To the Trump Administration, Zarif is part of a monolith not capable of reforming itself. But to Iranians he is a key influential figure—some hold him in the same light as the nationalist Prime Minister Mohammad Mossadegh who was toppled by the CIA and MI6 in 1953. One Iranian tweeted in Persian that “Zarif’s resignation has the same result as Mehdi Bazargan’s,” referring to Iran’s interim prime minister who resigned shortly after taking the post during the revolution. “The field becomes more open to hardliners.” When news of Zarif stepping down broke, a hardline Iranian journalist, tweeted: “Shut the door behind you, Yankee. Go and never come back.”

It’s not too surprising that Zarif’s resignation didn’t “stick,” as Pompeo put it. According to several Iranian MPs, Zarif has tried to resign over a dozen times, but this was the first time it was done so publicly, and thus, turned out to be a great political play of brinkmanship. President Rouhani praised Zarif less than a day after his resignation offer, while his chief of staff said that Rouhani had “a clear sign of the satisfaction of the representative of the people of Iran about the wise and effective positions and work of Dr. Zarif.” He even got the endorsement of the Islamic Revolutionary Guard Corps’ Qods Force commander Qassem Soleimani, who called him the “main person in charge of Iran’s foreign policy,” and will always be “supported and approved by senior government officials, especially by the Supreme Leader.” Zarif has, for the time being, come out on top in this domestic tug-of-war.

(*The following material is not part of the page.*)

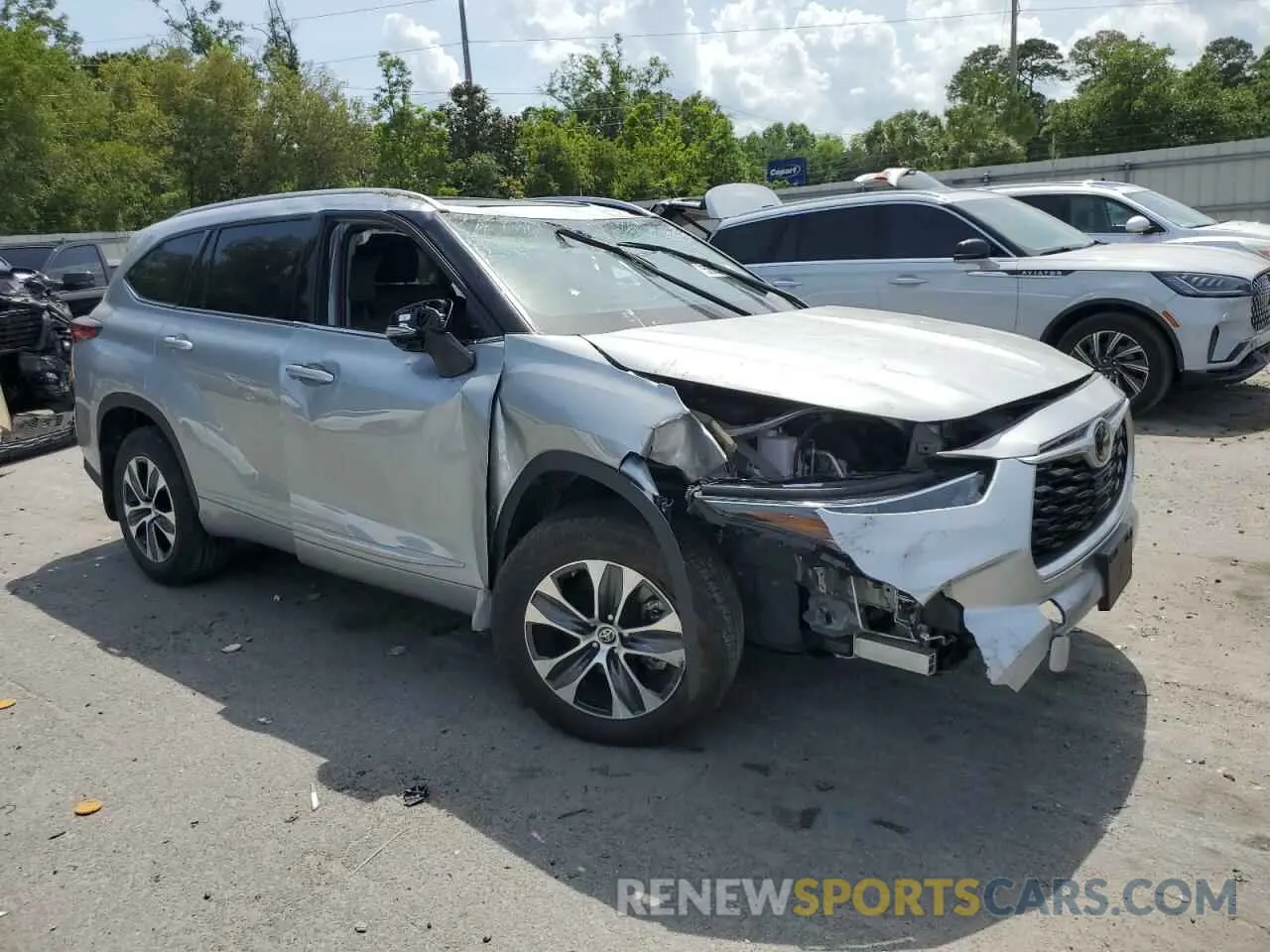 4 fotografías del automóvil dañado 5TDGZRBH3NS254141 TOYOTA HIGHLANDER 2022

Had Zarif been allowed to resign, his exit would’ve inflicted damage on any possibility of detente with the United States and keeping the JCPOA alive. His critics rightfully point to the fact that he defended the indefensible—including Iran’s involvement in Syria and human rights violations inside the country—which is his job: promoting the narrative of an internationally isolated and repressive government. But beyond that, Zarif is not just an approachable government official, he is the only Iranian diplomat capable of sitting down with his U.S. counterpart to negotiate a multilateral agreement. The JCPOA, a confidence building measure, allowed Zarif to step in to de-escalate an incident during January 2016 in which two U.S. Navy vessels and their crew drifted into Iranian waters and were detained and later released.

The Trump administration merely sees Zarif’s resignation offer as part of a zero-sum game. This is problematic when there is no dialogue except empty offers to “talk,” while the U.S. carries a big stick. Even at the height of the Cold War, the United States and Soviet Union communicated. Under the current U.S. administration, we don’t even have that. Without someone like Zarif to try to talk both countries off a ledge, the United States and Iran would be more likely to go down a path of conflict.

After the initial news of Zarif’s resignation was shared online, several Iranians tweeted, “Winter is coming,” referring to the popular Game of Thrones catchphrase.

Luckily, Zarif seems to have pulled a Jon Snow resurrection for the sake of diplomacy.